» WORK INSTRUCTION
Your output should be the lines from the one with "Picture 1 of 12" through the last line of the records below, exactly as written, minus the pictures.

(Image-caption web data)
%%

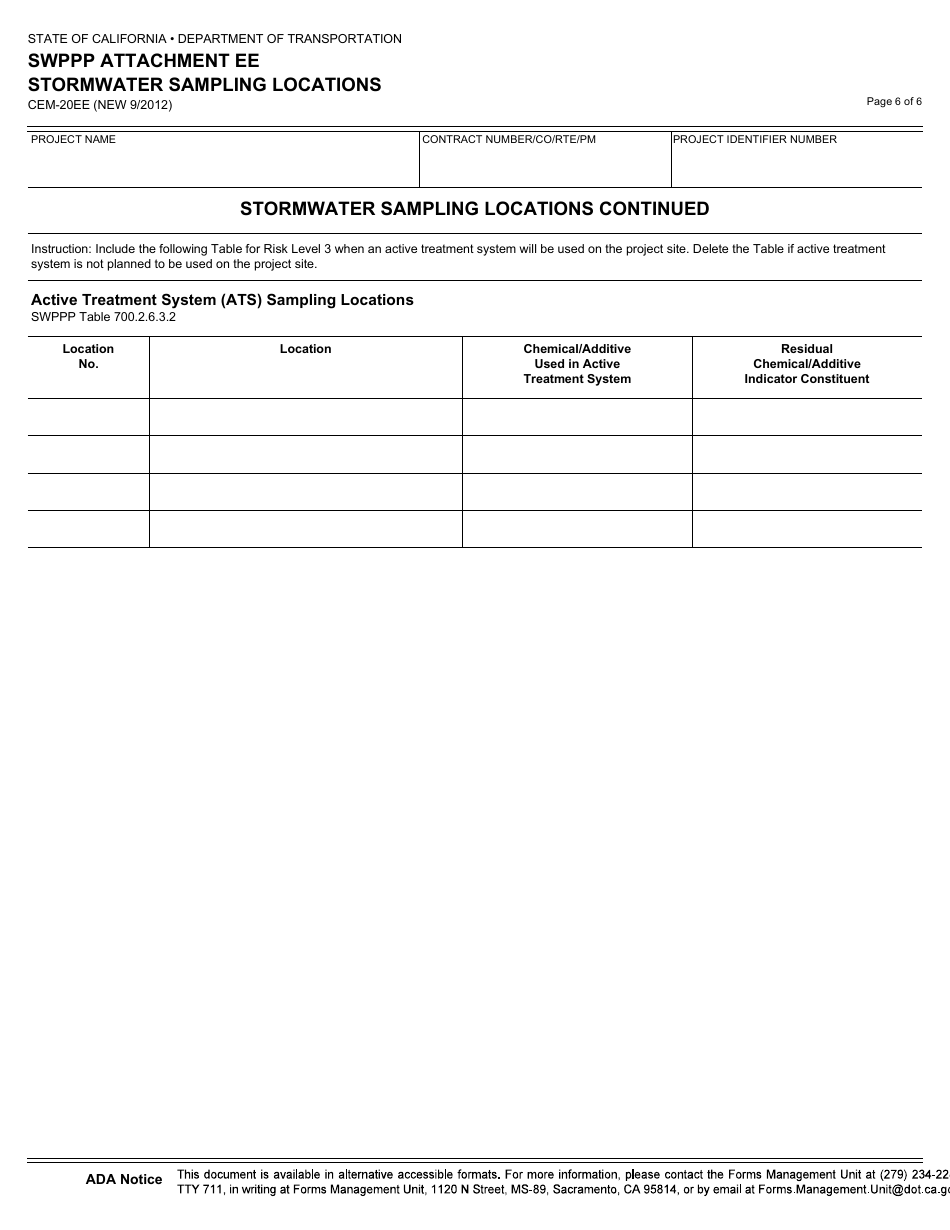 Form CEM-20EE Swppp Attachment Ee Stormwater Sampling Locations - California, Page 6
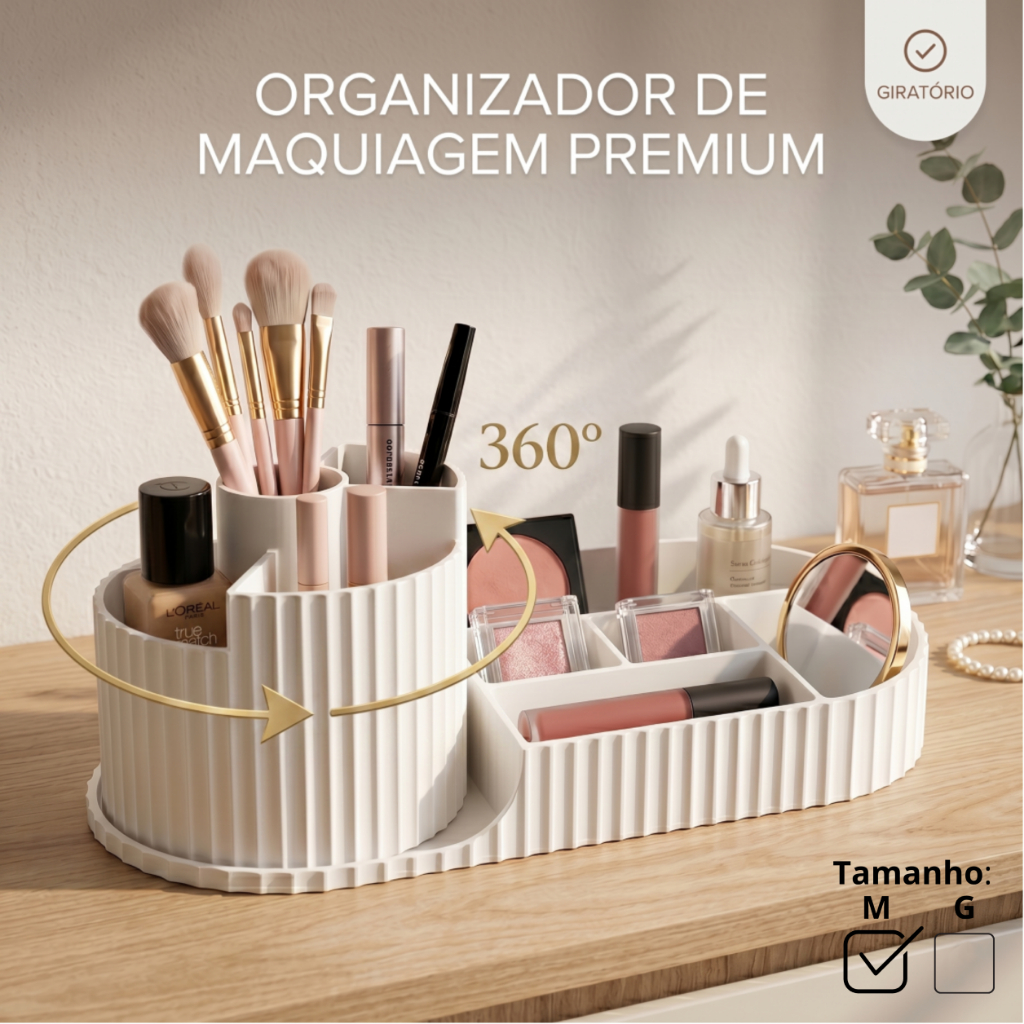 Organizador de Maquiagem Giratório 360° Premium Porta Pincel Perfume Cosmético Penteadeira Quarto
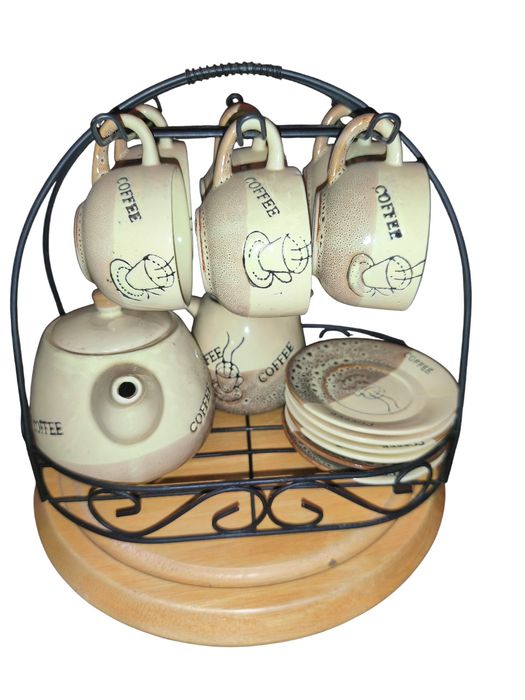 Set de cafea de 6 cești cu suport metalic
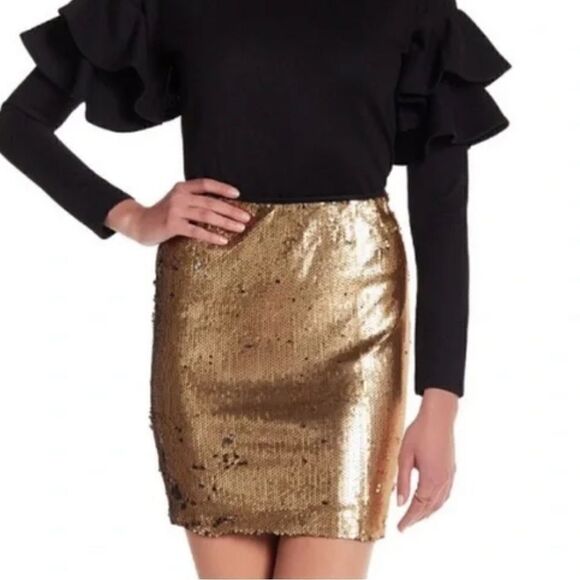 ‎Romeo & Juliet Couture Gold Sequin Skirt - M - Picture 1 of 12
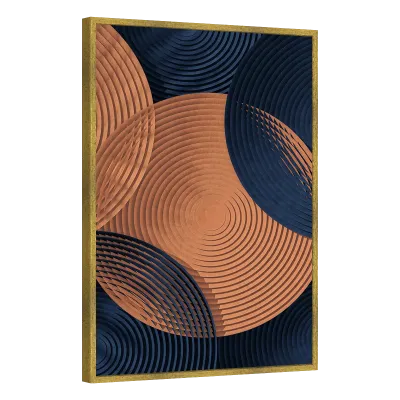 Quadro Decorativo Círculos em Harmonia Azul e Terracota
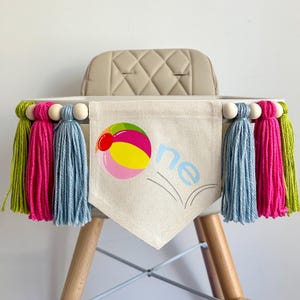 Decoraciones para fiesta de primer cumpleaños con pelotas saltarinas, pancarta para trona de primer cumpleaños con tema de pelota de playa de verano, decoración para primer cumpleaños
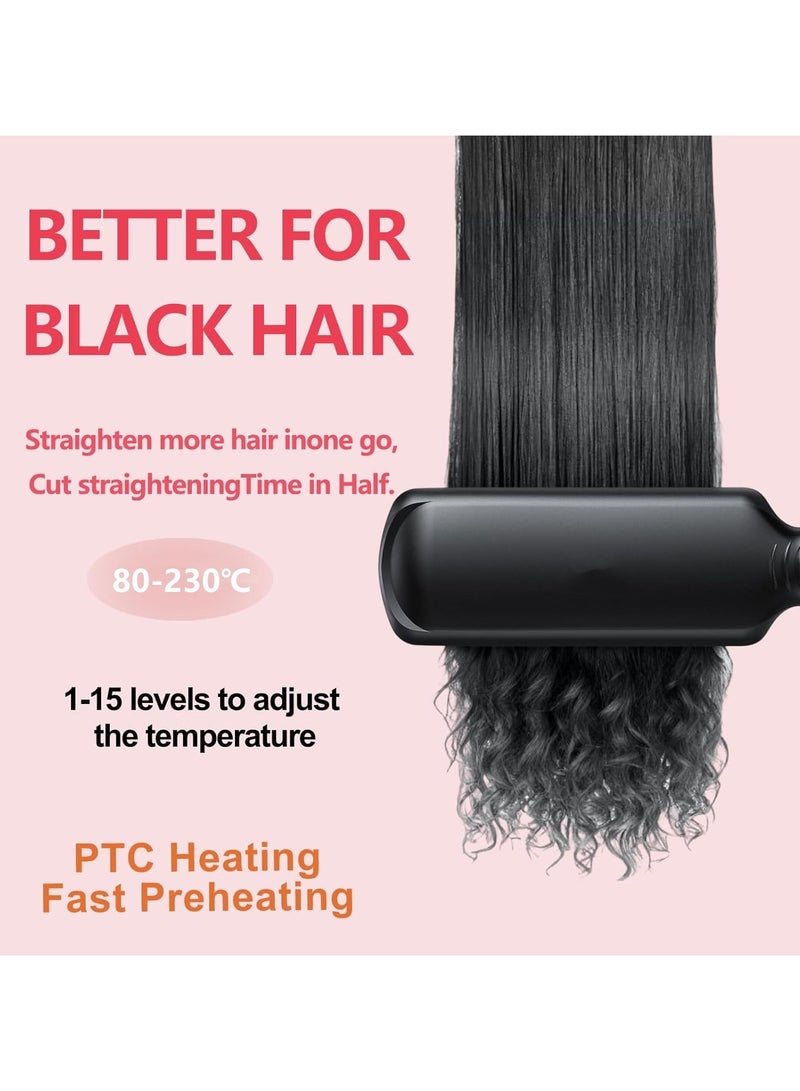 Professional Ceramic Hair Straightener and Curling Iron for Women 15-Temp Adjustable Wet/Dry Use Anti-Scald Design 220V Travel-Friendly Styler - Image 3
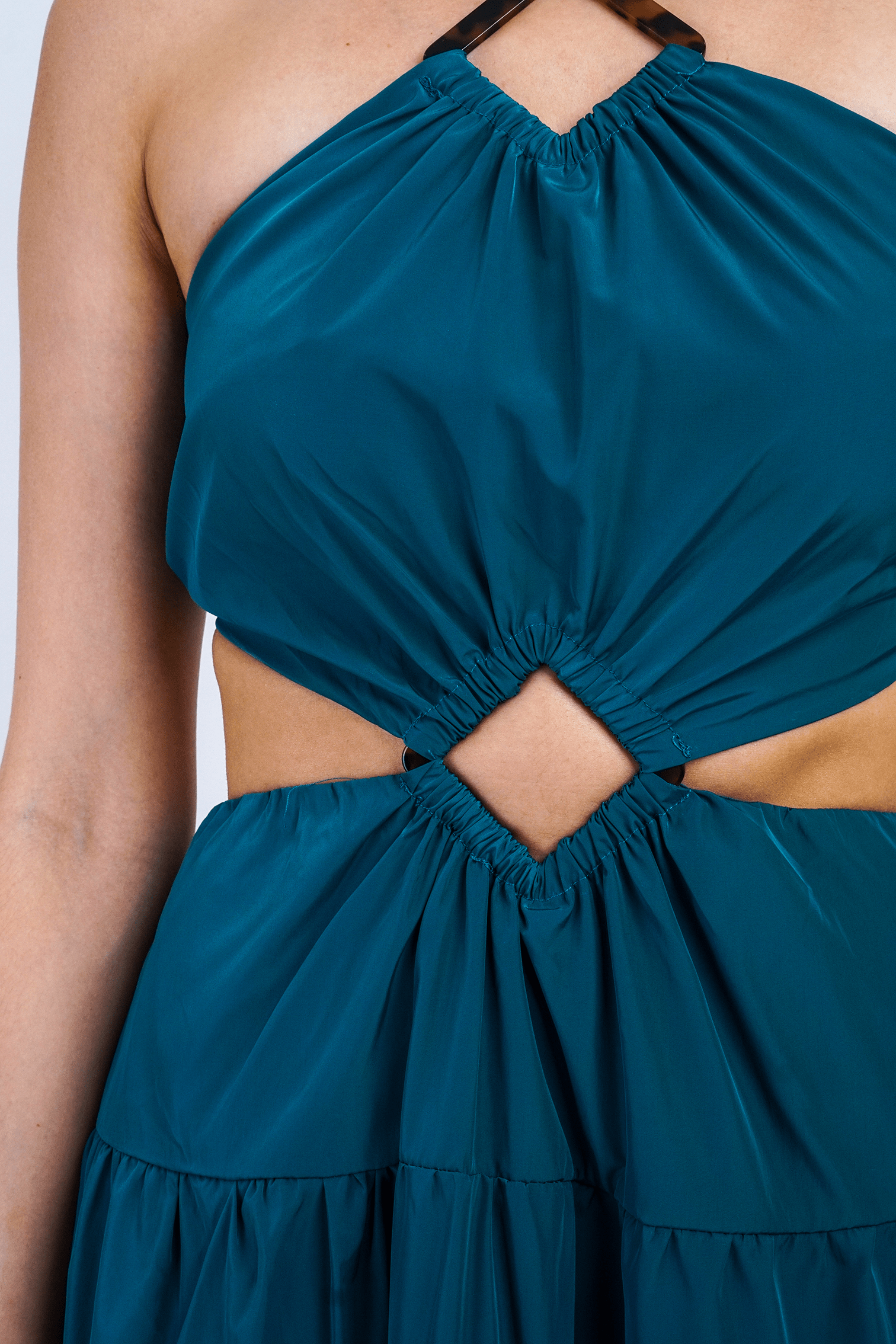 DCD DRESSES Teal Diamond Halter Cut Out Maxi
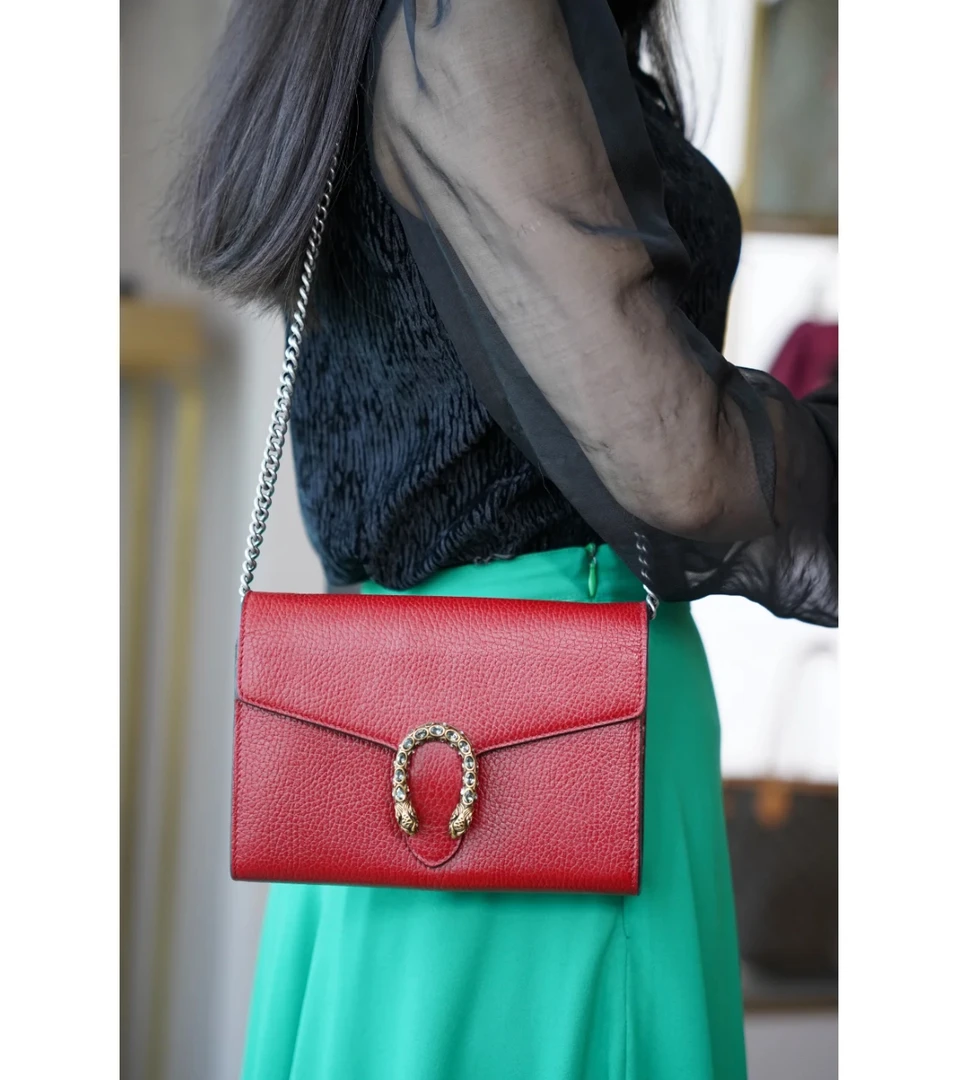 99新 GUCCI/古驰 红色钻扣酒神woc斜挎包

%%

» YOUR RESPONSE
 ‎Romeo & Juliet Couture Gold Sequin Skirt - M - Picture 1 of 12
 Quadro Decorativo Círculos em Harmonia Azul e Terracota
 Decoraciones para fiesta de primer cumpleaños con pelotas saltarinas, pancarta para trona de primer cumpleaños con tema de pelota de playa de verano, decoración para primer cumpleaños
 Professional Ceramic Hair Straightener and Curling Iron for Women 15-Temp Adjustable Wet/Dry Use Anti-Scald Design 220V Travel-Friendly Styler - Image 3
 DCD DRESSES Teal Diamond Halter Cut Out Maxi
 99新 GUCCI/古驰 红色钻扣酒神woc斜挎包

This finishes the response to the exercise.